NICE DCV is an AWS high-performance remote display protocol that provides customers with a secure way to deliver remote desktops and application streaming from any cloud or data center to any device, over varying network conditions. Using NICE DCV, customers can run graphics-intensive HPC applications remotely on EC2 instances and stream the results to their local machine at no additional charge, eliminating the need for expensive dedicated workstations.

Prior to the version 2.5.0 release, HPC users requiring remote visualization would typically have to deploy another EC2 instance to install, and configure a DCV server. This would entail installing prerequisites such as a Window Manager, configuring display drivers, installing DCV server software, configuring secure authentication, and configuring desktop sessions. With the release of ParallelCluster 2.5.0, all you need to do is enable DCV in the ParallelCluster config file, and all this is done for you. The remainder of this post will walk through the process of provisioning an HPC cluster to run a simulation using NAMD, and then visualizing the results in DCV.

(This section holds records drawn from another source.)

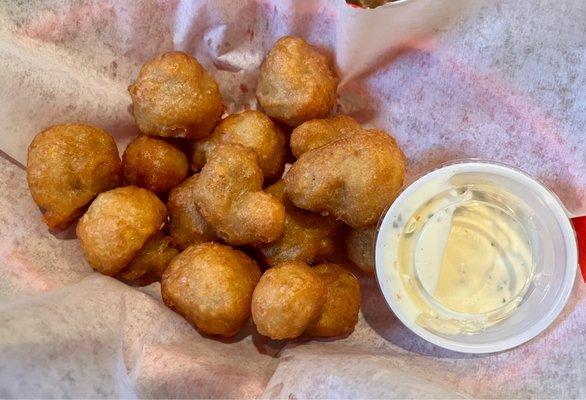 Battered mushrooms with ranch dressing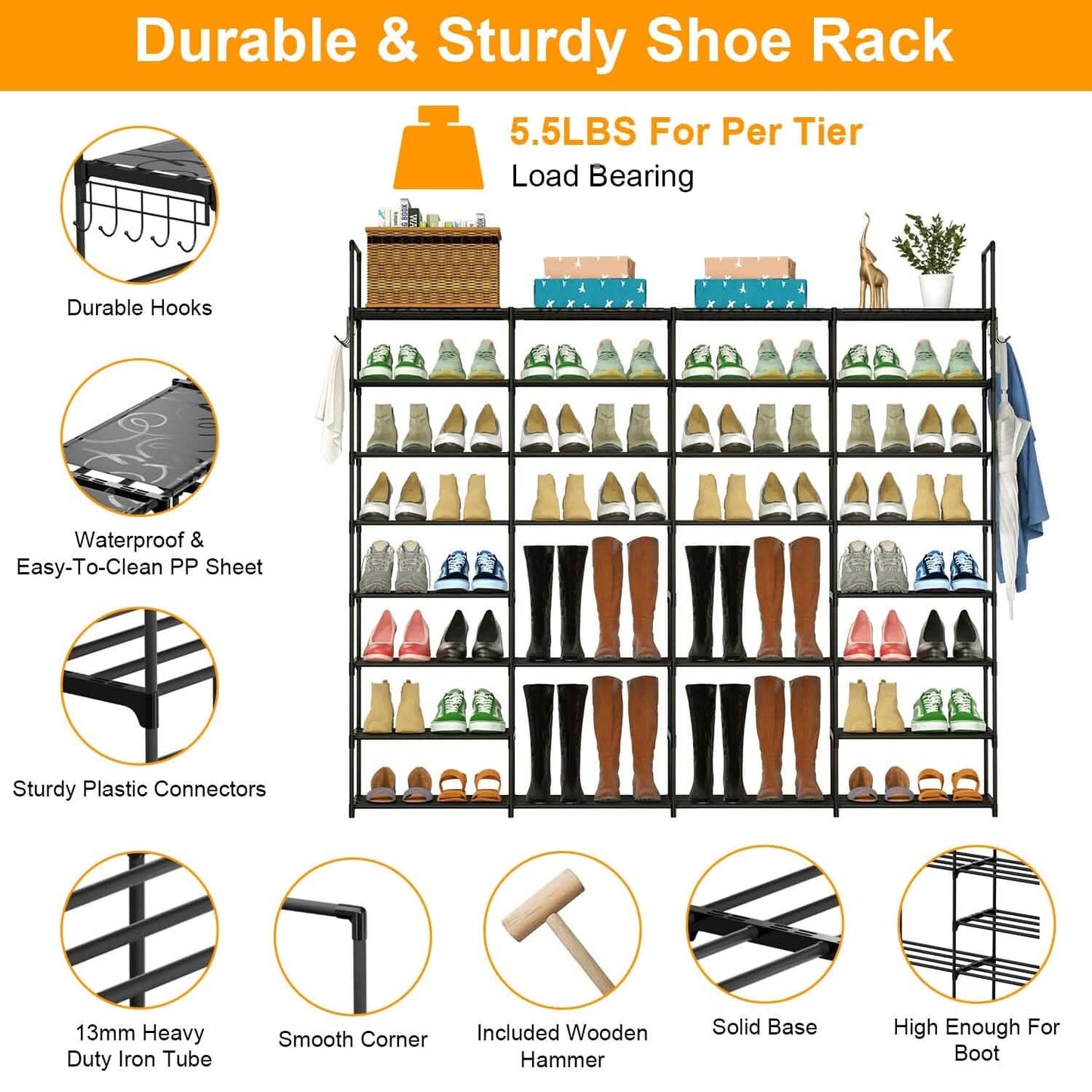 8-Tier Shoe Rack Metal Shoe Storage Shelf DailySale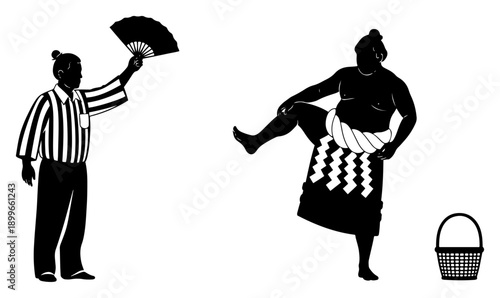 Black silhouette of a sports referee and a traditional japanese sumo wrestler in action pose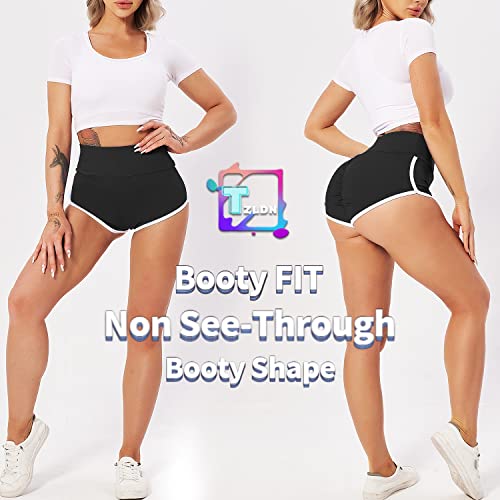 TZLDN Womens Gym Shorts for Women Ruched Butt Lifting Booty High Waist Compression Yoga Workout Cycling Shorts Black Hot Pants #2Classic - Black, M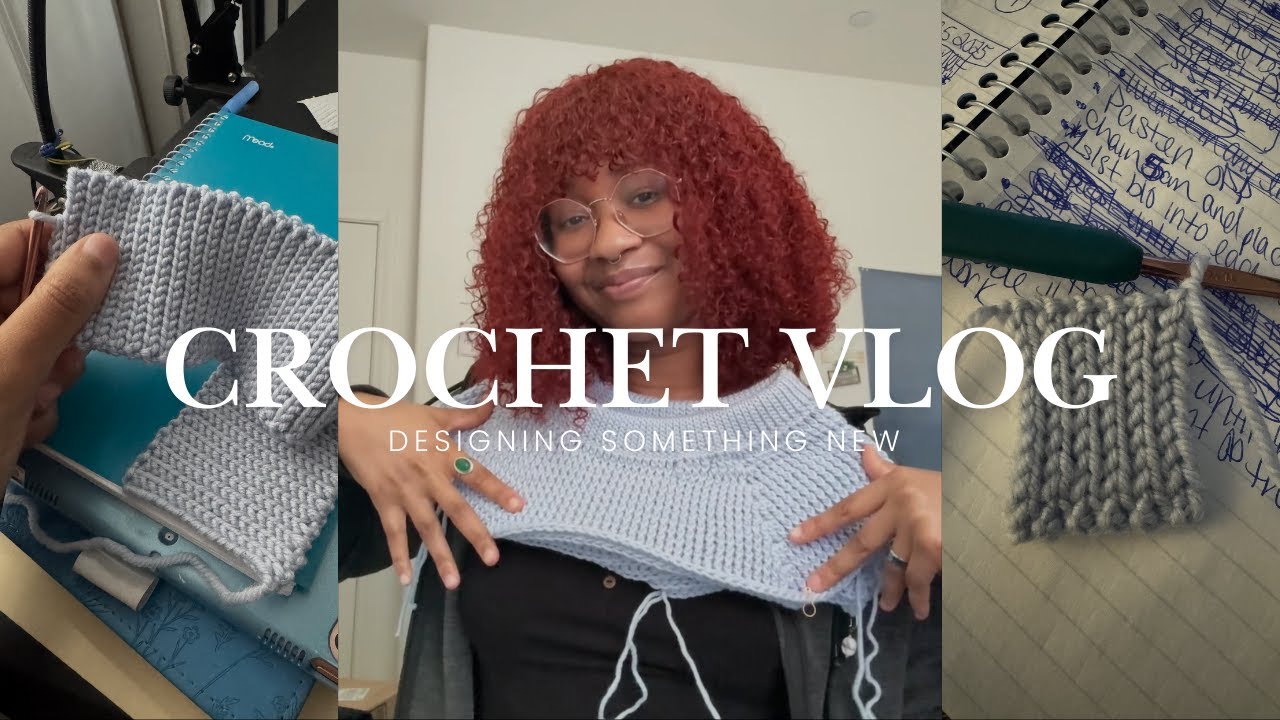 I frogged all of my wips and started designing a new sweater | crochet vlog
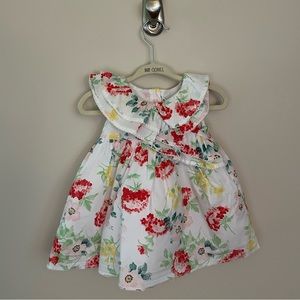 Janie and Jack Baby Girl Floral Ruffle Dress 0-3 Months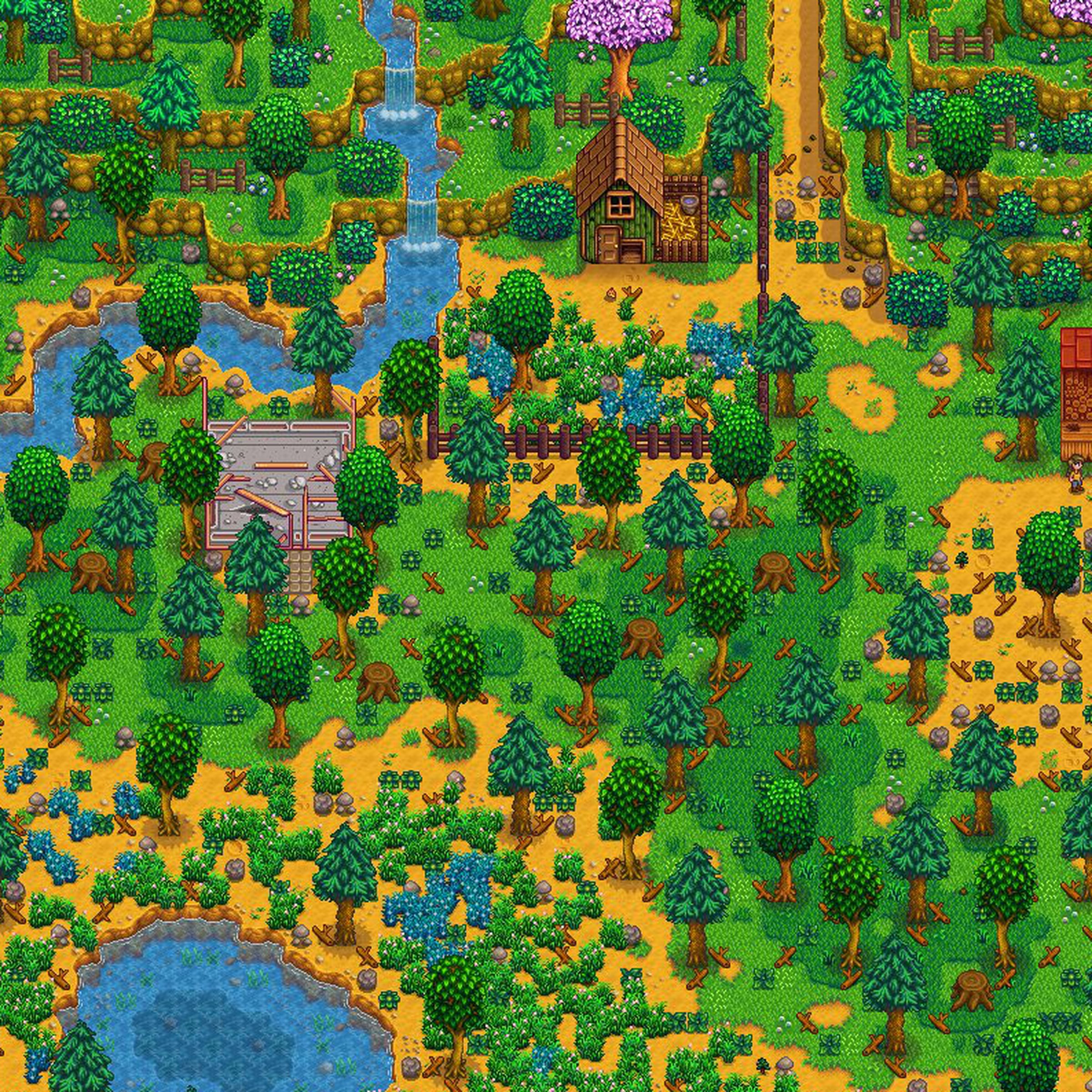 The new Meadowlands farm biome in Stardew Valley’s 1.6 update.
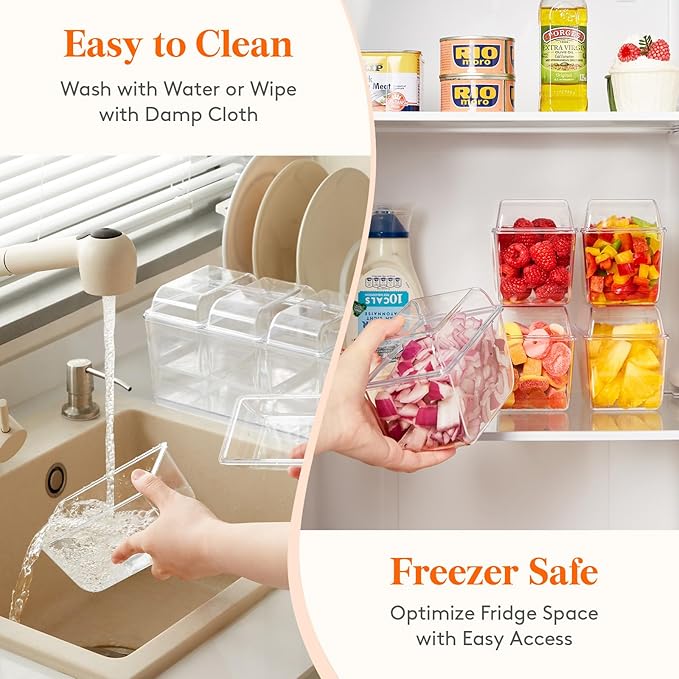 Lifewit 2 Pack Ice Chilled Condiment Caddy with 4 Containers(2.5 cup), Condiment Server with Separate Lids, Serving Tray Platter for Bar Accessories, Fruit, Salad, Taco, Party Garnish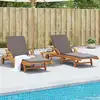 Image de Chaises Longues Lot De 2 Avec Coussins 200x68x83 Cm Bois Acacia Vidaxl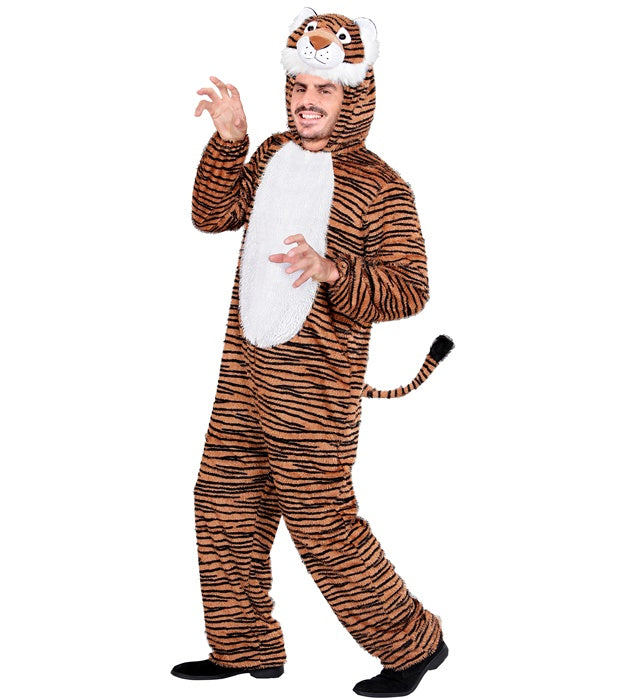 Tiger Funny Overall mit Kapuze – lustiges Tiger-Kostüm für Fasnacht und Karneval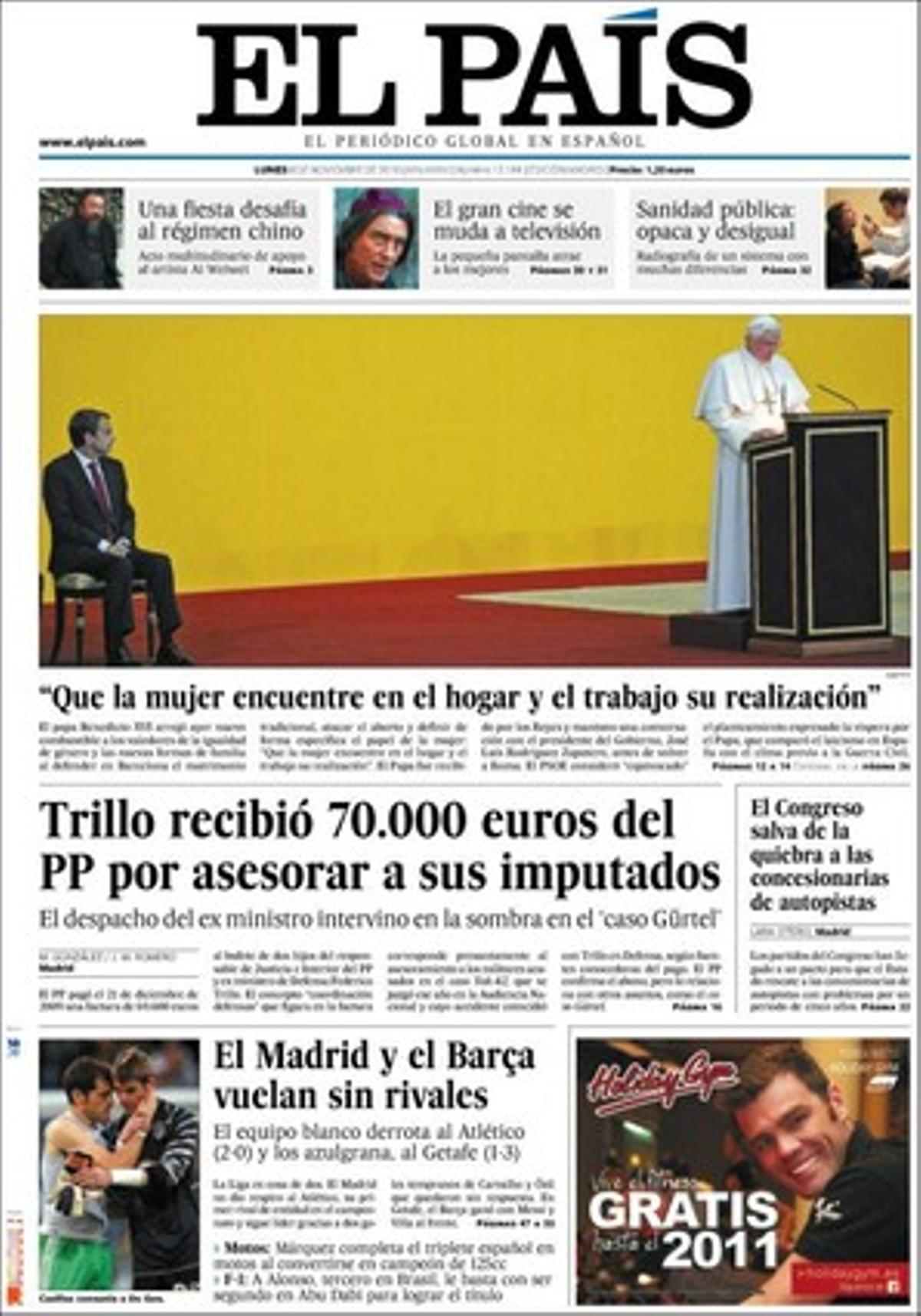A les pàgines interiors ’El País’ també realça que el PP afirma que Felipe González s’ha situat a la X del GAL; i que la sanitat pública espanyola és opaca i desigual.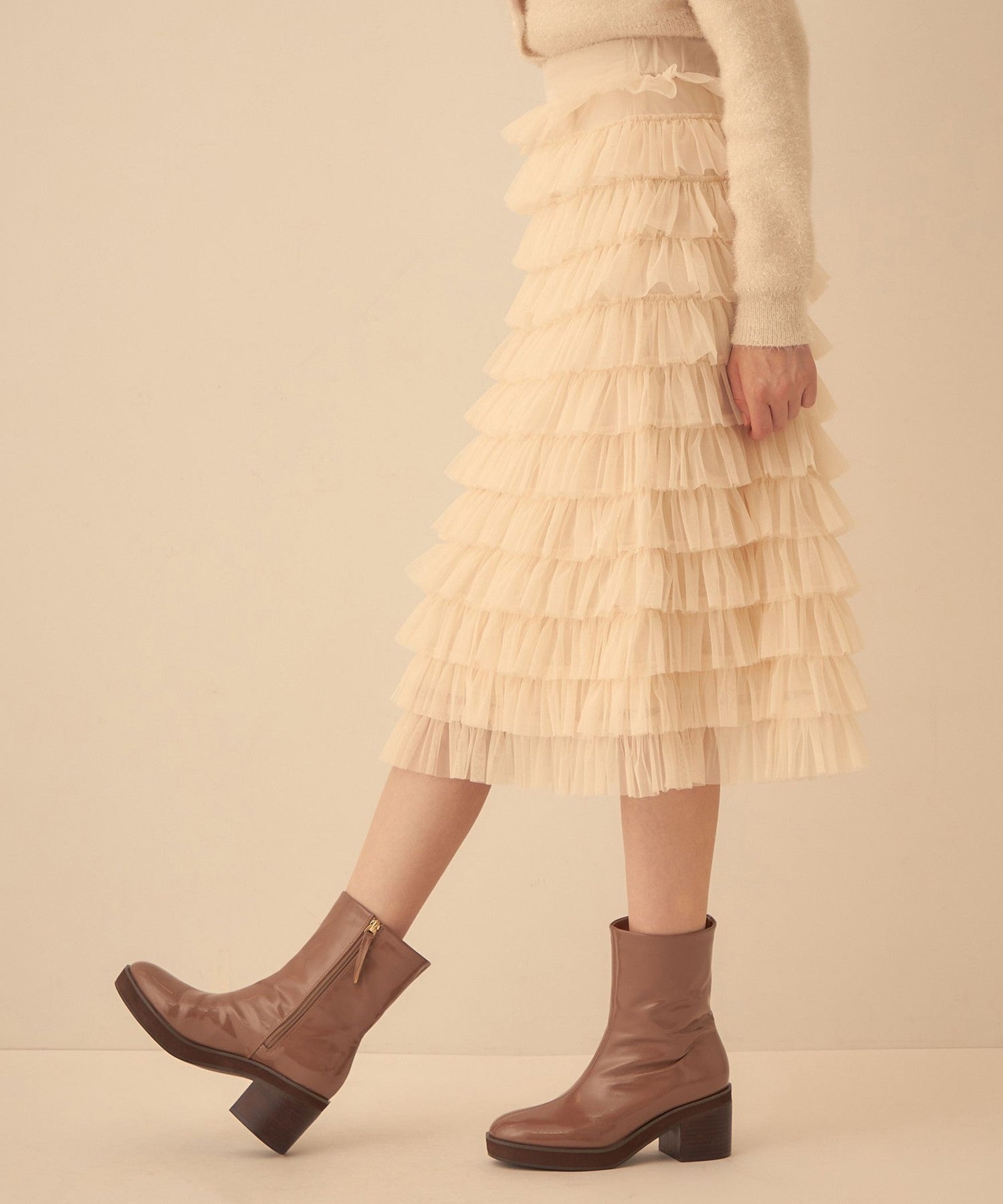 薄紗疊層半身裙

For anyone unfamiliar with ParallelCluster or looking to deploy a cluster for the first time, additional background and introductory concepts are detailed in the ParallelCluster launch post. The Parallel Cluster User Guide is also useful as a reference.

Configure ParallelCluster

The first step after installing ParallelCluster is to create or update the ParallelCluster configuration file. By default, ParallelCluster obtains its settings from the .parallelcluster/config file located in the user’s home directory. A comprehensive list of all configuration parameters can be found in the configuration section of the ParallelCluster documentation.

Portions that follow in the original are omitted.